Story and Casting
Most moviegoers will be able to identify Craig T. Nelson as the voice of Bob/Mr. Incredible, Samuel L. Jackson as his buddy Frozone, and Holly Hunter as Helen/Elastigirl, while fans of NPR radio will recognize Violet's voice as that of commentator Sarah Vowell.
Writer-director Brad Bird got his first choices for these roles, but was unable to cast Edna Mode, the German-Japanese superhero costume designer, "a tiny character that dominates the room." Bird ended up doing the voice himself, and the result is hilarious.

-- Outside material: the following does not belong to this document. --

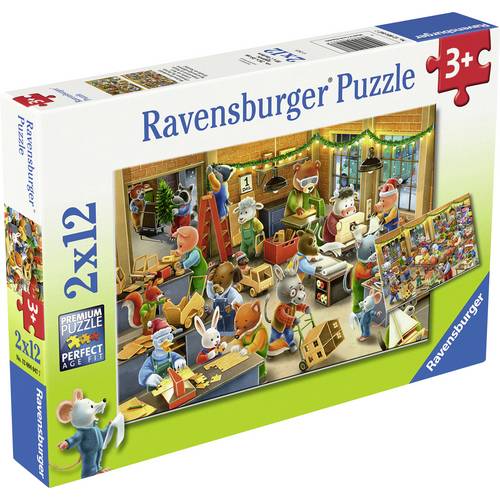 Kinderpuzzle 2x12 Teile - Weihnachtswerk 12004047 1 St.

Bird, best known for the critically-acclaimed "The Iron Giant," got the idea for "The Incredbles" a dozen years ago, at a time when he struggled with the conflict between the demands of career and family. "The goal was to make the family based on archetypes. I made the dad really strong. Moms are always pulled in different directions so I had her stretch. Teenage girls in particular are self-conscious, so Violet's invisible and has force fields. Ten-year-old boys are hyperactive energy balls that ricochet off the walls, so I had Dash have super speed," he explains. He named the baby Jack-Jack after his own middle son, then a toddler, who's 12 now.
While there were some slight changes in the film's opening, as well as its villain, "otherwise it's it's pretty much the same story arc that I came to Pixar with," observes Bird, who brought it to the CG studio in 2000. "The rest was the usual process of making a movie where you're trying to strengthen some things, make something clearer, work with it."
Sayre looks forward to the time when achieving computer graphic goals becomes more effortless and simulation will be more directable. "The computer is like an idiot savant. It's completely happy to show you something that no artist in their right mind would ever do -- it just doesn't know any better. Getting to the point where the computer knows better, that may be the next thing," he believes.
An "Incredibles" sequel may be another possibility, but for Bird, it comes with conditions. "There's a tendency that any movie that's a hit is suddenly considered a franchise, which I think is ridiculous. Some movies lend themselves to continuing, and others don't. If you do a film with the original filmmakers, and those original filmmakers believe that they can equal or better the one that everyone likes, then let's go. But it would have to be that."